Modulation of lipid peroxidation and mitochondrial function improves neuropathology in Huntington’s disease mice

Huntington’s disease (HD) is an autosomal dominant neurodegenerative disorder. Oxidative damage has been associated with pathological neuronal loss in HD. The therapeutic modulation of oxidative stress and mitochondrial function using low molecular weight compounds may be an important strategy for delaying the onset and slowing the progression of HD. In the present study, we found a marked increase of 4-hydroxy-2-nonenal (4-HNE) adducts, a lipid peroxidation marker, in the caudate and putamen of HD brains and in the striatum of HD mice.
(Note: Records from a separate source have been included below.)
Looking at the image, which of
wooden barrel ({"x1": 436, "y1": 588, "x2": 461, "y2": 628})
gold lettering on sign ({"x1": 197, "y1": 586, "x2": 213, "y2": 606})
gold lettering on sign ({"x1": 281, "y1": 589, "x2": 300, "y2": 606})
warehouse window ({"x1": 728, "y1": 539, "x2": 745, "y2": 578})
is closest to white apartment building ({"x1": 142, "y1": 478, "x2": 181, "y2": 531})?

Notably, 4-HNE immunoreactivity was colocalized with mutant huntingtin inclusions in the striatal neurons of R6/2 HD mice. Administration of nordihydroguaiaretic acid (NDGA), an antioxidant that functions by inhibiting lipid peroxidation, markedly reduced 4-HNE adduct formation in the nuclear inclusions of R6/2 striatal neurons. NDGA also protected cultured neurons against oxidative stress-induced cell death by improving ATP generation and mitochondrial morphology and function. In addition, NDGA restored mitochondrial membrane potential, mitochondrial structure, and synapse structure in the striatum of R6/2 mice and increased their lifespan. The present findings suggest that further therapeutic studies using NDGA are warranted in HD and other neurodegenerative diseases characterized by increased oxidative stress and altered mitochondrial function.